Drop Missing Data Solution

In this tutorial, we will solve the Drop Missing Data problem. We will provide the implementation of the solution in Python.

Problem Description​

DataFrame students
| Column Name | Type |
| student_id | int |
| name | object |
| age | int |

There are some rows having missing values in the name column.

Write a solution to remove the rows with missing values.


Example 1:

| student_id | name | age |
| 32 | Piper | 5 |
| 217 | None | 19 |
| 779 | Georgia | 20 |
| 849 | Willow | 14 |

| student_id | name | age |
| 32 | Piper | 5 |
| 779 | Georgia | 20 |
| 849 | Willow | 14 |

Student with id 217 havs empty value in the name column, so it will be removed.

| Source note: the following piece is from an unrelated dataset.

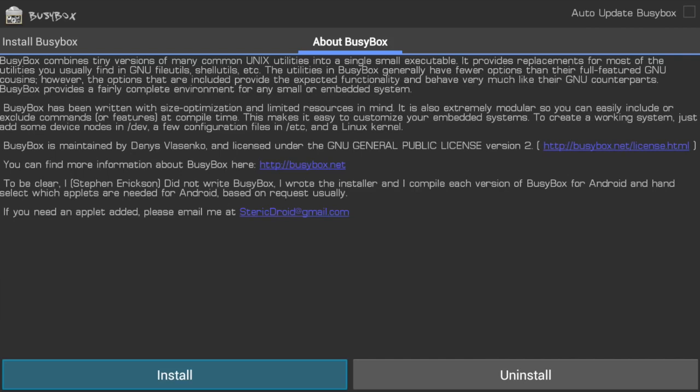If you get a message saying Successful, you are good to go. Hit the Back button and now you can exit BusyBox. We are done with it.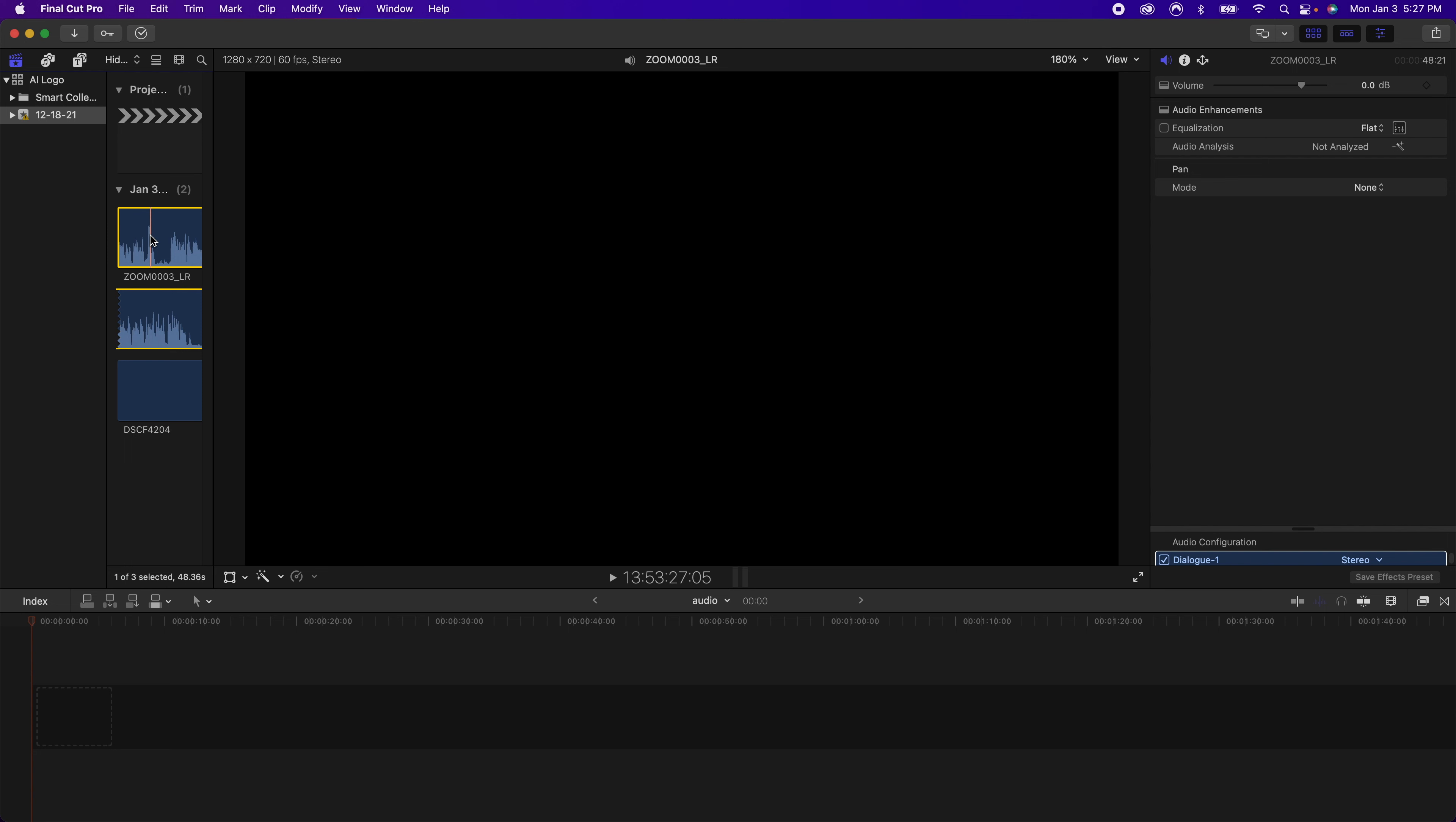And then I have my external footage which was recorded with a lavalier style microphone and my Zoom H6 Handy Recorder. Okay, we are now recording audio on the Zoom.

  • You have to solve using python pandas only.

Solution for Drop Missing Data​

import pandas as pd

def dropMissingData(students: pd.DataFrame) -> pd.DataFrame:
return students[students['name'].notnull()]

Complexity Analysis​

  • Time Complexity: O(n)O(n)
  • Space Complexity: O(n)O(n)
  • Iterating over the DataFrame: The notnull() function on the 'name' column performs an O(n) operation, iterating through each row of the DataFrame, where n is the number of rows.
  • Boolean indexing: Usually an O(n) process, this involves building a new DataFrame from the boolean mask (the output of notnull()).
  • New DataFrame: To hold the filtered data, the function builds a new DataFrame. The number of rows with complete "name" values determines the size of this new DataFrame, and in the worst scenario, that number may reach n. As a result, O(n) is also the space complexity.